I have my "overstock" (read: growing excuse for a bigger humidor) separated into multiple small kitchen tupperwares. They are working well, but I've decided it's time to consolidate into one larger tupperdore. I've read on here that wallyworld sells large tupperware bins that work well. However, it's sort of a pain for me to get to the store since it's an hour drive and I have no other reason to go there. Seems silly to drive for two hours transporting an empty plastic box...

Anyway, I have a bunch of plastic storage bins around the house. The clear plastic rubbermaid type with a plastic lid and two latching handles. Are these suitable for use as a tupperdore? I guess the only variable is the ability for the lid to seal. I'm unaware of how well these type of storage boxes do seal. Has anybody tried it? Any advice?

Thanks.


----------



## D307P (Sep 28, 2012)

I have seen pictures of members using them for storage. As long as the lid seals tightly. One member used some of the foam weather stripping that comes in a roll that you can pick up at the hardware store and put it around the lid where it would seal to the bottom. Use empty wooden cigar boxes to help control the RH, and put kitty litter inside media bag or the leg of a cutoff pantyhose. Pick up a digital hygrometer. The storage bins should work great for you.


----------



## piperdown (Jul 19, 2009)

You have to use foam weather seal as Dave indicated above, otherwise it will not seal completely.


----------



## sh40218 (Oct 26, 2012)

I've found that craft stores like JoAnn Fabrics & Michaels have a great selection of storage containers. Most of which seal airtight and come in various sizes. I'm to the point where I have "overstock" I need to store.

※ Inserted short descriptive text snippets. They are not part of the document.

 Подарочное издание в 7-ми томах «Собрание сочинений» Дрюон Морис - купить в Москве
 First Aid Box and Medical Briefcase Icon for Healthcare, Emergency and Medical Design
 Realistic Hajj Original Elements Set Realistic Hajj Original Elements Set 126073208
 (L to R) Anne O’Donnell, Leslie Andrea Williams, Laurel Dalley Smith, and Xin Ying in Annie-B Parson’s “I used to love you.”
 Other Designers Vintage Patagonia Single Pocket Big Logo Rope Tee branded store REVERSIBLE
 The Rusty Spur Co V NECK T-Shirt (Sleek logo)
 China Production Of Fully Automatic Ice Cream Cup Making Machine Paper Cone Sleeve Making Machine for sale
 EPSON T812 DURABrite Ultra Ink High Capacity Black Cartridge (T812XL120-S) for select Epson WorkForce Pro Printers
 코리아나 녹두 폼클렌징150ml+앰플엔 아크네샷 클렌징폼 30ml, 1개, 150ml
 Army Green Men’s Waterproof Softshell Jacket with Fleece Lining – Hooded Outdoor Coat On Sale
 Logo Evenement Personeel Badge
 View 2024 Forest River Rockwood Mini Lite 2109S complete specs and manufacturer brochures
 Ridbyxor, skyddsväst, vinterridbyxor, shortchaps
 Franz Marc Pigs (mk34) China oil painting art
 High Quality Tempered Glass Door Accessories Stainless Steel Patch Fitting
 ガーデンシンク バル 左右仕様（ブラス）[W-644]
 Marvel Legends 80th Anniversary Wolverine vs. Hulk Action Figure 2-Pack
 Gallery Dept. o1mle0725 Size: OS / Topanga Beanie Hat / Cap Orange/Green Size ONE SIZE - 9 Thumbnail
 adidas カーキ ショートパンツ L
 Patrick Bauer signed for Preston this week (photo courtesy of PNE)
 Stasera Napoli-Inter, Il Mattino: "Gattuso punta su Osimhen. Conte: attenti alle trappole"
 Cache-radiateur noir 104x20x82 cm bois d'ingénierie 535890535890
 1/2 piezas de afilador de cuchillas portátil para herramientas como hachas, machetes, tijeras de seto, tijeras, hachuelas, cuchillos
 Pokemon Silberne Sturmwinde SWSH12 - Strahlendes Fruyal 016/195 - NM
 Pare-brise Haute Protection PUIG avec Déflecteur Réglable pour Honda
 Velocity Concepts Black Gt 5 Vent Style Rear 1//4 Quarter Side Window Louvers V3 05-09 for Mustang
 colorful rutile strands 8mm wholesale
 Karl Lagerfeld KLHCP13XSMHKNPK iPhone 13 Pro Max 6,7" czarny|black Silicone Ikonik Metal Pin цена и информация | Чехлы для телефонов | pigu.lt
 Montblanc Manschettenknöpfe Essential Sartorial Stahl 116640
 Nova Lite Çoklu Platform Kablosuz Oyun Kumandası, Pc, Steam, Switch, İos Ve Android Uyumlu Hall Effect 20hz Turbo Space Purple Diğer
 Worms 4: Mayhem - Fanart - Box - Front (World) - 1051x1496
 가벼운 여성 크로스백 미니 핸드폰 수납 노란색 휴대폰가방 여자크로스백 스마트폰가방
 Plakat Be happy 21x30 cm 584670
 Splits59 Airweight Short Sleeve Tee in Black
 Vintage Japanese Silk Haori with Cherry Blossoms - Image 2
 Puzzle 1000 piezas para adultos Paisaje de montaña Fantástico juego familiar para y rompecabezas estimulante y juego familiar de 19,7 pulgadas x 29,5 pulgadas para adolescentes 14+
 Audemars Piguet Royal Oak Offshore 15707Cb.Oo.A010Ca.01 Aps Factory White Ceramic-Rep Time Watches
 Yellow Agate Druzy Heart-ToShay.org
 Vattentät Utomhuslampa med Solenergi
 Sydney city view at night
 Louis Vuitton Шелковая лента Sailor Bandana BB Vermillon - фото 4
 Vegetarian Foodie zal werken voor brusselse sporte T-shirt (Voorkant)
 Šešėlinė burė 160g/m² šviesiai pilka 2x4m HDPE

My concern is getting enough wood inside the box to control Light/heat and RH correctly. Other than that I'm planning on tossing in my sticks and a few Boveda Packs.


----------



## neonblackjack (Oct 27, 2010)

sh40218 said:


> I've found that craft stores like JoAnn Fabrics & Michaels have a great selection of storage containers. Most of which seal airtight and come in various sizes. I'm to the point where I have "overstock" I need to store.
> 
> My concern is getting enough wood inside the box to control Light/heat and RH correctly. Other than that I'm planning on tossing in my sticks and a few Boveda Packs.


I decided on a Sterilite 35-quart because it's long and deep enough to fit multiple cigar boxes and has latching handles. I picked up some Vinyl Foam Weather Strips because those are the ones advertising 100% waterproof and weather resistant, so I assume they'll seal in the humidity.

A further question: should I store my cigars in cigar boxes, and should the boxes be open or closed? Does this matter?

Also, regarding the wood, should I "season" the cigar boxes inside the tupperdore in a similar way as seasoning a cedar humidor?

Thanks!


----------



## jswaykos (Oct 26, 2010)

I've used these: The Container Store > Watertight Totes. Office Depot also sells something very similar.


----------



## Herf N Turf (Dec 31, 2008)

Yes, in cigar boxes would be preferable. The boxes will help tremendously in terms of maintaining RH. Crack them slightly open to allow for some air exchange. You definitely want the boxes seasoned to your preferred RH.


----------



## splattttttt (May 17, 2012)

jswaykos said:


> I've used these: The Container Store > Watertight Totes. Office Depot also sells something very similar.


Just ordered two, thanks to you Joe! RG bump comin yer way brother. Thanks!


----------